Following an Opinion of the Attorney General (see update to ¶4860), which found against the Commission, the European Court of Justice has agreed with the Attorney General’s Opinion and has held that the Health and Safety at Work Act, with its emphasis on the balancing of interests, is compatible with European law. In particular, the ECJ found that the Health and Safety Directive does not introduce no fault liability.  Accordingly, there shall be no need to amend the UK legislation.

Commission of the European Communities v United Kingdom [2007] ECJ Case C-127/05

2. Status of Codes of Practice

¶4800 Employers are required to comply with certain statutory obligations, as set out in the Health and Safety at Work etc Act 1974, various Regulations and Codes of Practice.  In a case concerning the practice of the courts in implementing the Codes of Practice, the Court of Appeal considered an employee injured in a fall at work. Her employer was a care home. The workplace had slippery vinyl floors and several of the residents were prone to incontinence. The relevant legislative protection placed an absolute duty on employers to ensure that the floors of workplaces are properly constructed. Different, lesser, duties exist to remove from a floor a temporary hazard.
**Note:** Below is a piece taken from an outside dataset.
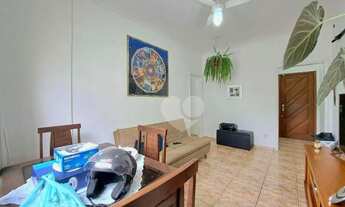 Imagem 7: Apartamento 2 Quartos com Dependências Completa na Jorge Rudge à venda, 75 m² R$ 310.000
Before the High Court, the employee attempted to bring the evidence of Codes of Practice published by the Health and Safety Commission, which, she argued, clarified the extent of the duty. The Court refused. The Court of Appeal held that the High Court had been wrong to refuse this evidence. A Code of Practice which was designed to give practical guidance to employers as to how to comply with their duties under statutory regulations could be taken as providing some assistance as to interpretation. Such guidance always had to be treated with caution. It might be wrong. It did not carry the authority of a judicial decision. But if relevant, as it was here, it should be considered.